The “SSL Verification” Fix

Standard slim Docker images often lack the certificates needed to download assets (like Tailwind) during the build. Modify your generated Dockerfile to include ca-certificates:

# Inside the build stage
RUN apt-get update -y && apt-get install -y build-essential git \
    ca-certificates curl && apt-get clean && rm -f /var/lib/apt/lists/*

2. Set Up the Gateway (Caddy & SSL)

Instead of manually managing Nginx and Certbot, we use Caddy. It handles Let’s Encrypt SSL certificates automatically.

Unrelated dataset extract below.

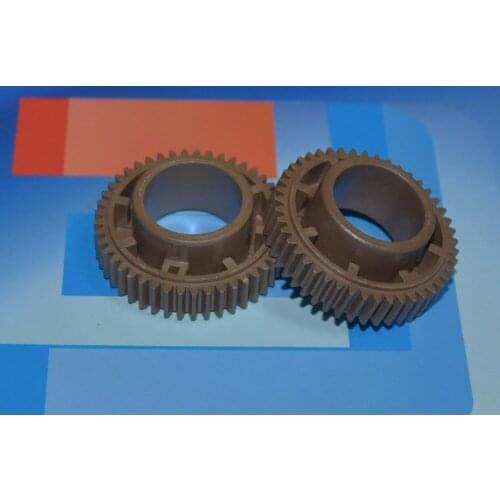 Free Shiping 5* JC66-01254A Fuser Gear for ML1630 1910 2510 2525 2545 2571 2580 2850 SCX 4500 4600 4623 4725 4824 4828 SF650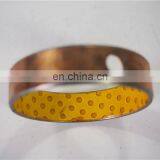 Kubota Engine Spare Parts of Combine Harvester 5H630-103D Bush thumbnail-2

On your Hetzner server, create a Caddyfile:

imorphr.com, www.imorphr.com {
    reverse_proxy app:4000
}

3. The Orchestration: Docker Compose

On your VPS, create a directory (e.g., /home/user/app) and add a docker-compose.yml. This connects your Phoenix app to the Caddy proxy.

services:
  app:
    image: ghcr.io/your-org/your-repo:latest
    restart: always
    env_file: .env
    expose:
      - "4000"

  caddy:
    image: caddy:2-alpine
    restart: always
    ports:
      - "80:80"
      - "443:443"
    volumes:
      - ./Caddyfile:/etc/caddy/Caddyfile
      - caddy_data:/data
      - caddy_config:/config
    depends_on:
      - app

volumes:
  caddy_data:
  caddy_config:

4. Automate with GitHub Actions

We use GitHub Container Registry (GHCR) to store our images and GitHub Actions to push them to the server.

Permissions for Organizations

If you are using an Organization repo, ensure your workflow has write access to packages:

permissions:
  contents: read
  packages: write

The Deployment Workflow

Create .github/workflows/deploy.yml:

  • Build: Compiles the app and pushes the image to GHCR.
  • Deploy: SSHs into Hetzner, pulls the new image, and restarts the container.

Note: Use docker compose (for V2) or docker-compose (for V1) depending on your server version. If you see unknown command: docker compose, install the docker-compose-plugin on your VPS.

5. DNS and Firewall Setup

To make the site live, point your domain to the server and open the gates.

  • DNS: Add an A Record pointing @ to your Hetzner IPv4.
  • Hetzner Firewall: Ensure Ports 80 (HTTP) and 443 (HTTPS) are open. Caddy needs Port 80 to complete the Let’s Encrypt “handshake.”

6. Troubleshooting Common Pitfalls

The “Hyphen of Doom”

If your script fails with unknown command: docker compose, your server likely has the older Docker Compose V1. You can fix this by updating your server:

sudo apt-get install docker-compose-plugin

Permission Denied (Docker Socket)

If GitHub Actions can’t connect to the Docker daemon, add your SSH user to the docker group on the VPS:

sudo usermod -aG docker $USER

SSL Certificate Errors

If you see ERR_CERT_COMMON_NAME_INVALID, check your Caddy logs (docker compose logs caddy). It usually means Port 80 is blocked by a firewall or your DNS hasn’t fully propagated yet.

Conclusion

You now have a production-ready Elixir environment. Every push to main will build a slim, secure Docker image and deploy it to your Hetzner VPS with zero downtime and automatic SSL.